* _INPUT_:
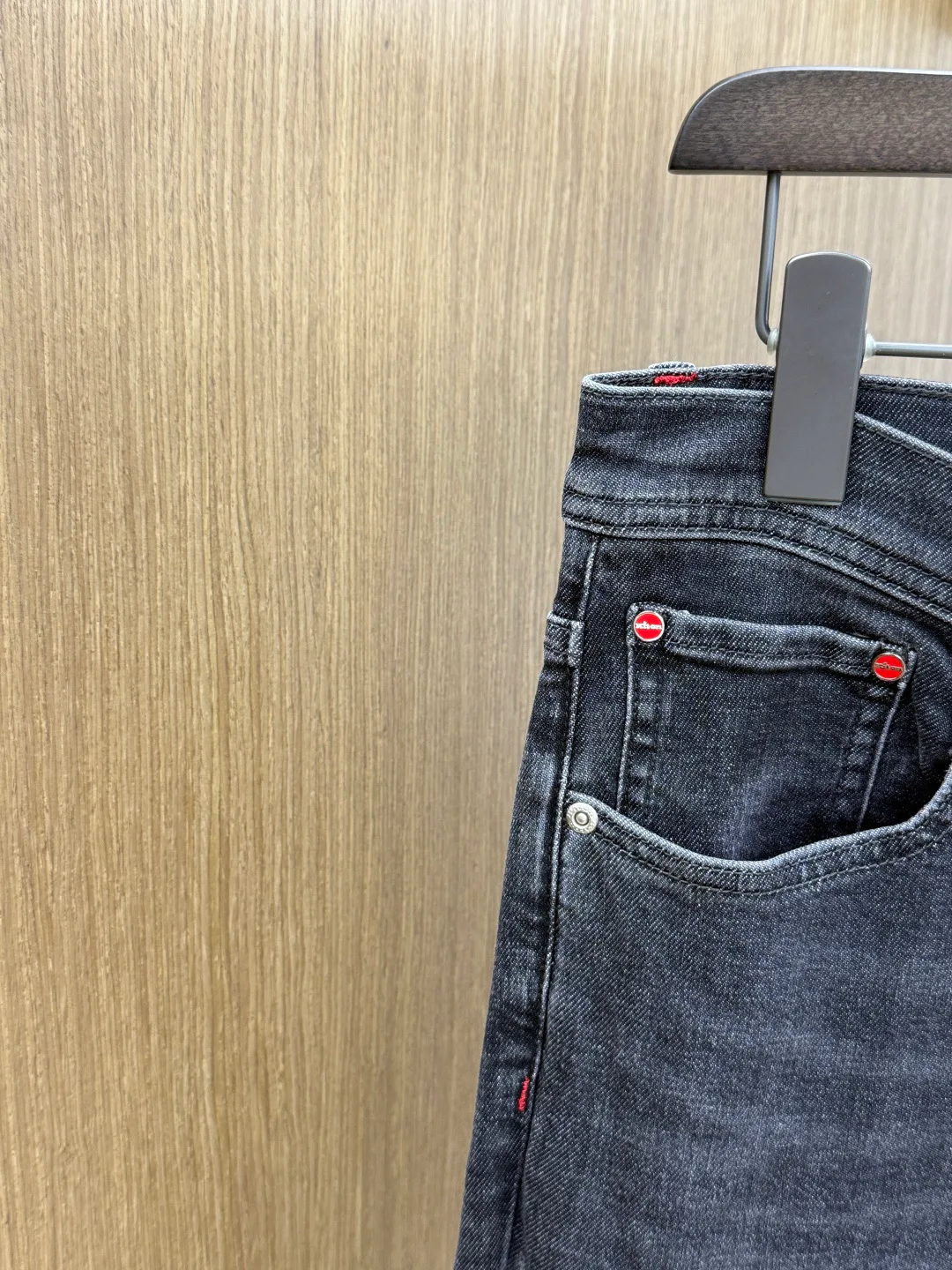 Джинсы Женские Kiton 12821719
--
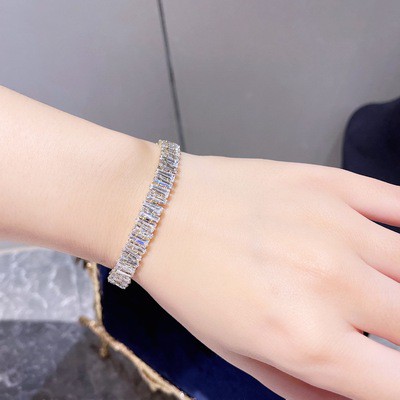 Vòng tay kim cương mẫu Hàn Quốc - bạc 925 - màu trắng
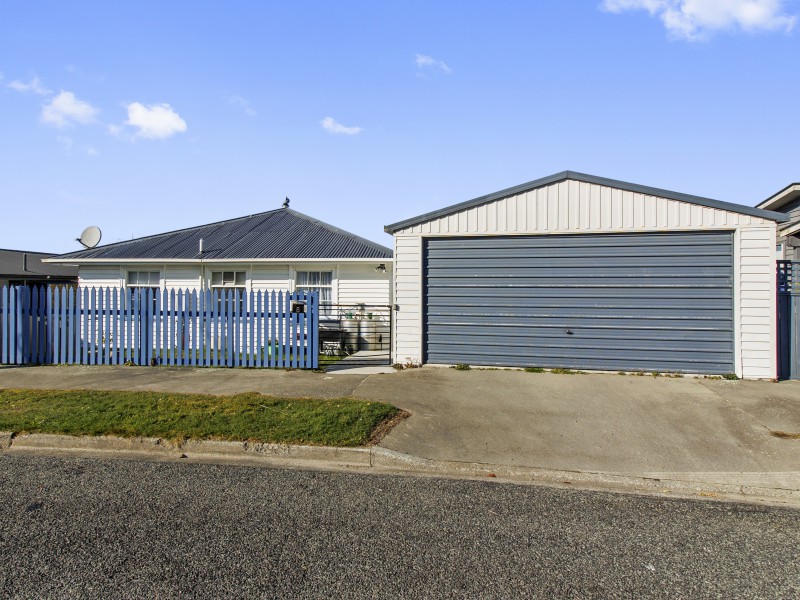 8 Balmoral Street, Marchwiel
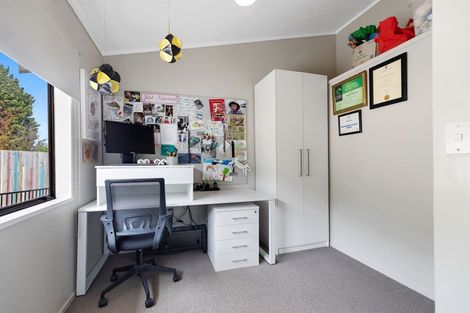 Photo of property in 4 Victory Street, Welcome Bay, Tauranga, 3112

* _WHAT YOU SHOULD DO_: Pictures excluded, reproduce only the part above that opens with the line holding "8 Balmoral Street, Marchwiel" and closes with the line holding "Photo of property", exactly as written.

* _WRITTEN ANSWER_:
 8 Balmoral Street, Marchwiel
 Photo of property in 4 Victory Street, Welcome Bay, Tauranga, 3112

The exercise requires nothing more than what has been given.